(Items from a data source)
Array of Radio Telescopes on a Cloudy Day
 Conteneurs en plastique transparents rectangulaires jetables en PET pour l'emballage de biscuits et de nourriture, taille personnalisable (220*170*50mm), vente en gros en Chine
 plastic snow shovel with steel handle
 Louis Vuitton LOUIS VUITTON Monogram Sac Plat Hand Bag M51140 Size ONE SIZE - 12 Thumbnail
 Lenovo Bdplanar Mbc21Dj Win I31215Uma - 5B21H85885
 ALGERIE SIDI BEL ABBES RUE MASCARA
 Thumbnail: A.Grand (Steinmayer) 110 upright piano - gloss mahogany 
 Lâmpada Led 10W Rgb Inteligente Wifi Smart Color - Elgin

◆ About this exercise ◆
From the records above, please extract every line and repeat it exactly.

◆ Answer to this exercise ◆
Array of Radio Telescopes on a Cloudy Day
 Conteneurs en plastique transparents rectangulaires jetables en PET pour l'emballage de biscuits et de nourriture, taille personnalisable (220*170*50mm), vente en gros en Chine
 plastic snow shovel with steel handle
 Louis Vuitton LOUIS VUITTON Monogram Sac Plat Hand Bag M51140 Size ONE SIZE - 12 Thumbnail
 Lenovo Bdplanar Mbc21Dj Win I31215Uma - 5B21H85885
 ALGERIE SIDI BEL ABBES RUE MASCARA
 Thumbnail: A.Grand (Steinmayer) 110 upright piano - gloss mahogany 
 Lâmpada Led 10W Rgb Inteligente Wifi Smart Color - Elgin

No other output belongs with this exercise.